**INSTRUCTIONS FOR THE TASK**
Your output must consist solely of the lines from the one containing "Mac Duggal Jewel" through the end of the records, reproduced exactly.

(Brief descriptive captions)
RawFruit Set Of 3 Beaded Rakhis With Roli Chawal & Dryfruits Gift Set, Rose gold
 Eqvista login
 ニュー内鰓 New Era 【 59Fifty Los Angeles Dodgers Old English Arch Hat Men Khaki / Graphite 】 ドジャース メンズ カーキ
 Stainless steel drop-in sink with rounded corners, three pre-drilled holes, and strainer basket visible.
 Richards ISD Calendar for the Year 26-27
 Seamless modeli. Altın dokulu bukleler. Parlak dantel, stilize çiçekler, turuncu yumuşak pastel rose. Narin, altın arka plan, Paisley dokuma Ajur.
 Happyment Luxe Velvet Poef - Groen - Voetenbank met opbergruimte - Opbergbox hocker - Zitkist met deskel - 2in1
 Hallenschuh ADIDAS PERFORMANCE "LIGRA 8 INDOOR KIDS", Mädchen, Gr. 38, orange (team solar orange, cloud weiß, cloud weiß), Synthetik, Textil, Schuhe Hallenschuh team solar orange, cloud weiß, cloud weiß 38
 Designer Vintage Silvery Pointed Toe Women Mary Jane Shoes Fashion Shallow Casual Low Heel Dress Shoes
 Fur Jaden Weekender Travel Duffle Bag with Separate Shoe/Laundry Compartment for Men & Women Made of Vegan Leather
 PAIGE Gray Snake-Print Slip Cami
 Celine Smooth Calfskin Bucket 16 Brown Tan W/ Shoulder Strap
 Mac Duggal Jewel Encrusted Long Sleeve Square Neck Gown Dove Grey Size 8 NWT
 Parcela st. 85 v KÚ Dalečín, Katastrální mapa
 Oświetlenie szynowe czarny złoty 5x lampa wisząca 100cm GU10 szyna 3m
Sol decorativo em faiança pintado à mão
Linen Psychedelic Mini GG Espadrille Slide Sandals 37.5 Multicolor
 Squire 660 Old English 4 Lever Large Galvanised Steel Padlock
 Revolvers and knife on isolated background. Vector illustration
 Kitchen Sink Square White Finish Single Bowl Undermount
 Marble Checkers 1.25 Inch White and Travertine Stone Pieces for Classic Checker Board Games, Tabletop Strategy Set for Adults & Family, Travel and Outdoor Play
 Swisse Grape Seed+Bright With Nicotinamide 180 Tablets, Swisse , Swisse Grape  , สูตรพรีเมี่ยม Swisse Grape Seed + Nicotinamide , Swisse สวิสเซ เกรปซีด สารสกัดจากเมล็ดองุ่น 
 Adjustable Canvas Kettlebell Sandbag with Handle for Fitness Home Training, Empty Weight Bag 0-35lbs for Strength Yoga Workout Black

**ANSWER SPACE**
 Mac Duggal Jewel Encrusted Long Sleeve Square Neck Gown Dove Grey Size 8 NWT
 Parcela st. 85 v KÚ Dalečín, Katastrální mapa
 Oświetlenie szynowe czarny złoty 5x lampa wisząca 100cm GU10 szyna 3m
Sol decorativo em faiança pintado à mão
Linen Psychedelic Mini GG Espadrille Slide Sandals 37.5 Multicolor
 Squire 660 Old English 4 Lever Large Galvanised Steel Padlock
 Revolvers and knife on isolated background. Vector illustration
 Kitchen Sink Square White Finish Single Bowl Undermount
 Marble Checkers 1.25 Inch White and Travertine Stone Pieces for Classic Checker Board Games, Tabletop Strategy Set for Adults & Family, Travel and Outdoor Play
 Swisse Grape Seed+Bright With Nicotinamide 180 Tablets, Swisse , Swisse Grape  , สูตรพรีเมี่ยม Swisse Grape Seed + Nicotinamide , Swisse สวิสเซ เกรปซีด สารสกัดจากเมล็ดองุ่น 
 Adjustable Canvas Kettlebell Sandbag with Handle for Fitness Home Training, Empty Weight Bag 0-35lbs for Strength Yoga Workout Black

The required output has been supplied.